● **Your assignment**: Every entry below, first to last, should be restated word for word.

[Source material — start]

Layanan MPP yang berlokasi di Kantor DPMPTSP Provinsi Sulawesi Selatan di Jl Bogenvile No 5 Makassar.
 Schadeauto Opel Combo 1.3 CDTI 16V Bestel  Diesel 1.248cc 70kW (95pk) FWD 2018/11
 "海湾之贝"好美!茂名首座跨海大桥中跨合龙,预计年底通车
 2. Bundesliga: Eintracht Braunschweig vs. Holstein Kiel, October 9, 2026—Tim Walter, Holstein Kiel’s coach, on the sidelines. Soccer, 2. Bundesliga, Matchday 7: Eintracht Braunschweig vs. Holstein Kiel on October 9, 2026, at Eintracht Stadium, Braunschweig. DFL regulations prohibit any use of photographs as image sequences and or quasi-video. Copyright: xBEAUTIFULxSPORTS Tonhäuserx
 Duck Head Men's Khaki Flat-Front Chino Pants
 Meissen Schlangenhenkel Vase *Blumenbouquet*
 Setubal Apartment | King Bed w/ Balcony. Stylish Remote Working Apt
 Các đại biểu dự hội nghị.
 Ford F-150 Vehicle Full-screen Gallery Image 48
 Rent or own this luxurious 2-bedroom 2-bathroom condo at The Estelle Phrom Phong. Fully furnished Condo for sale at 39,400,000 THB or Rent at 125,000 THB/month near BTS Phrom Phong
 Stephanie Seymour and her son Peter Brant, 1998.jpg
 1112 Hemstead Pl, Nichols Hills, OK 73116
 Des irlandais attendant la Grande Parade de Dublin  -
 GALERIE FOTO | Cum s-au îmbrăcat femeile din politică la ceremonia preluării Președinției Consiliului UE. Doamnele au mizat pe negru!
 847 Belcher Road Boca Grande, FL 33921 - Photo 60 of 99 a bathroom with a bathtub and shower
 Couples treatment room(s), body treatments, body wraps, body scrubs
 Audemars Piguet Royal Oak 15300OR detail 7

[Source material — finish]

● **Response to the exercise**:
Layanan MPP yang berlokasi di Kantor DPMPTSP Provinsi Sulawesi Selatan di Jl Bogenvile No 5 Makassar.
 Schadeauto Opel Combo 1.3 CDTI 16V Bestel  Diesel 1.248cc 70kW (95pk) FWD 2018/11
 "海湾之贝"好美!茂名首座跨海大桥中跨合龙,预计年底通车
 2. Bundesliga: Eintracht Braunschweig vs. Holstein Kiel, October 9, 2026—Tim Walter, Holstein Kiel’s coach, on the sidelines. Soccer, 2. Bundesliga, Matchday 7: Eintracht Braunschweig vs. Holstein Kiel on October 9, 2026, at Eintracht Stadium, Braunschweig. DFL regulations prohibit any use of photographs as image sequences and or quasi-video. Copyright: xBEAUTIFULxSPORTS Tonhäuserx
 Duck Head Men's Khaki Flat-Front Chino Pants
 Meissen Schlangenhenkel Vase *Blumenbouquet*
 Setubal Apartment | King Bed w/ Balcony. Stylish Remote Working Apt
 Các đại biểu dự hội nghị.
 Ford F-150 Vehicle Full-screen Gallery Image 48
 Rent or own this luxurious 2-bedroom 2-bathroom condo at The Estelle Phrom Phong. Fully furnished Condo for sale at 39,400,000 THB or Rent at 125,000 THB/month near BTS Phrom Phong
 Stephanie Seymour and her son Peter Brant, 1998.jpg
 1112 Hemstead Pl, Nichols Hills, OK 73116
 Des irlandais attendant la Grande Parade de Dublin  -
 GALERIE FOTO | Cum s-au îmbrăcat femeile din politică la ceremonia preluării Președinției Consiliului UE. Doamnele au mizat pe negru!
 847 Belcher Road Boca Grande, FL 33921 - Photo 60 of 99 a bathroom with a bathtub and shower
 Couples treatment room(s), body treatments, body wraps, body scrubs
 Audemars Piguet Royal Oak 15300OR detail 7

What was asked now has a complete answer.